Cooper cautions that in a year where budgets are stressed, “the question will be whether hosted payloads continue to be seen as an opportunity for cost effectiveness and reliability and responsiveness, or as a new project that needs to be funded.”

Desch observes that the current budgetary environment “creates less creativity because everyone retreats to their core programs instead of thinking of doing something new.”

The SMC securing a delivery contract through HoPS could be a step in the right direction. Intelsat General, with its 2008 UHF hosted payload contract with the ADF, remains a leader in this model. So does Luxembourg-based SES, host of Air Force’s CHIRP (Commercially Hosted Infrared Payload) program, which was developed as part of the Air Force’s third generation infrared program known as 3GIRS. The CHIRP mission used its staring wide-field-of-view telescope to test concepts to spot and report missile launches. The original program called for four telescopes to provide full Earth coverage; CHIRP was limited to one telescope over the United States. “The Air Force extended the nine-month demonstration mission through this summer,” notes Rich Pang, senior director, hosted payloads, for SES Government Solutions.

 

An Uncertain Future

Looking ahead, several government and industry leaders are encouraged by the will of both sides to make hosted payloads a viable option for getting capability into orbit, even in an uncertain funding environment. But challenges remain.

“I’m very optimistic we’re going to get this rolling,” says Beidleman, admitting that he can’t predict the future with sequestration. “It’s not a matter of getting the HoPS contract off and running; it’s a matter of how many and how frequently we’ll have delivery orders to execute on the IDIQ contract.”

Desch remains less optimistic about the government moving quickly, noting a lack of incentives and significant cultural impediments.

“The movement toward hosted payloads is happening at a glacial pace,” says Desch, echoing estimates he’d heard at industry forums that it might take 10 to 15 years before hosted payloads are fully embraced in the DoD. That timeframe coincides with Iridium’s planning schedule for its next constellation. “I’m hopeful that the rest of the industry will be able to move faster than we were able to,” he concludes.

NASA’s Neil says accelerating the agency’s adoption of hosted payloads comes down to one issue: budget.
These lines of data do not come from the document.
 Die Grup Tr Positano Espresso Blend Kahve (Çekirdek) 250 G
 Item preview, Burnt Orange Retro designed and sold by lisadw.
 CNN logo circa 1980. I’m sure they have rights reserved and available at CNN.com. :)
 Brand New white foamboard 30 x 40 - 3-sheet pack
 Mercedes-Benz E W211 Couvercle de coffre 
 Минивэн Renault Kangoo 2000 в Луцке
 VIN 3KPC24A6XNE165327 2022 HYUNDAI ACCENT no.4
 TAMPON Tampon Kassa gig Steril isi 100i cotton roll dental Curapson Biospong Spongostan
“Industry can work with the government in good faith to iron out all of the kinks in the industry-government partnership and deliver value for the government as a customer,” Neil says. “NASA is putting good people on these teams, people who can think differently, accomplish our best practices while minimizing the bureaucracy, and make decisions faster. When industry meets us part way, we know this can be successful.”